Using the data below, return the stretch from the line that contains "y lift ® 2015" through the line that contains "上海牙齿松动怎么修复,牙齿松动修复固齿医院", both included, exactly as it stands and nothing beyond it.

→ **Material for the task**
--- START ---

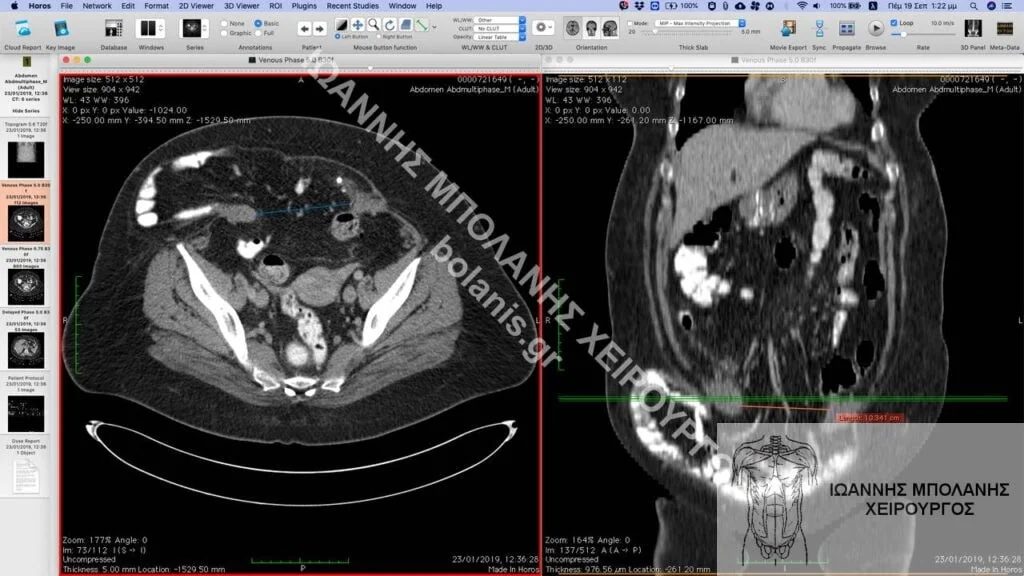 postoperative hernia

--- END ---
--- START ---

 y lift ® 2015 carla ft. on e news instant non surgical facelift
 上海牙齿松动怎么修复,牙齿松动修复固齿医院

--- END ---

→ **Output below**
 y lift ® 2015 carla ft. on e news instant non surgical facelift
 上海牙齿松动怎么修复,牙齿松动修复固齿医院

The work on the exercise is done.